Reputation
Primavera De Filippi, French National Centre for Scientific Research
Ori Shimony, dOrg
Antonio Tenorio-Fornés, Universidad Complutense de Madrid
Definition of the term
A. Origin
Technologies such as the internet, or blockchain, enable large scale interactions among total strangers. Reputation systems (Resnick et al., 2000) appeared as a solution to facilitate these interactions when some level of trust was required, such as for online shopping in peer to peer marketplaces like eBay, or online production communities (Benkler, 2006). Yet, these systems generally relied on a centralised operator, in charge of managing user reputation.

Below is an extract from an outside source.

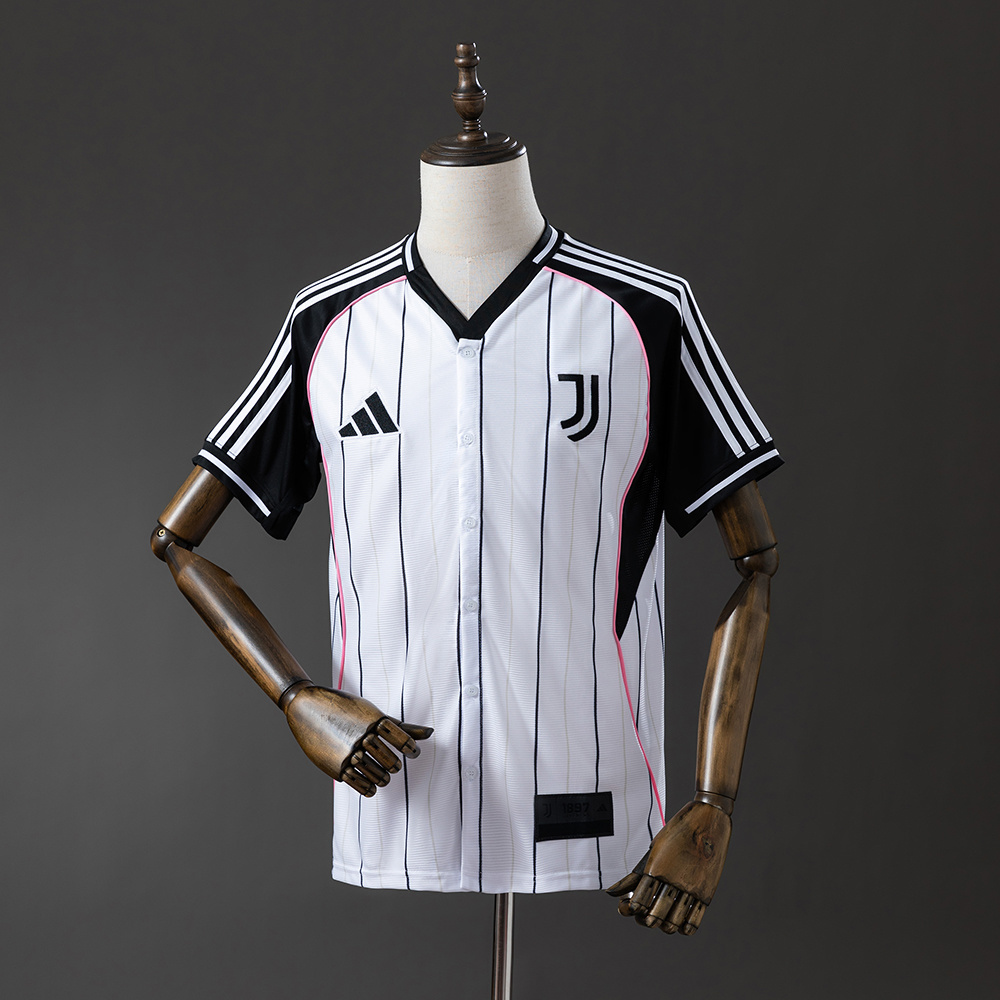 Serie A Replica Football Jerseys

Many decentralised reputation systems have been developed before the advent of blockchain technology (Hendrikx, 2015), most relying either on maintaining a personal list of trusted and untrusted nodes; aggregating such reputation information from other trusted nodes (with a certain degree of transitivity such as in web-of-trust); or using Distributed Hash Tables to manage a global reputation system (Chawathe et al., 2003). These decentralised reputation systems have been used in particular for applications such as file-sharing (Napster) and bandwidth routing (Tor).
The advent of blockchain technology introduced new opportunities for the development of next-generation reputation systems that rely on persistent global state and immutable transaction histories. This allows for transparency and security guarantees that were unavailable in previous distributed systems. Furthermore, blockchain technology made it possible to achieve portability and interoperability between different reputation systems, serving as an open neutral shared data store that can be leveraged by multiple services.
B. Evolution
We delineate below the different types of reputation systems that emerged over time with the development of new blockchain-based networks and decentralised applications. As opposed to the early blockchain networks like Bitcoin, whose governance is inherently plutocratic, these new applications have developed new decentralised reputation systems in order to implement more sophisticated governance systems which are not exclusively based on market dynamics.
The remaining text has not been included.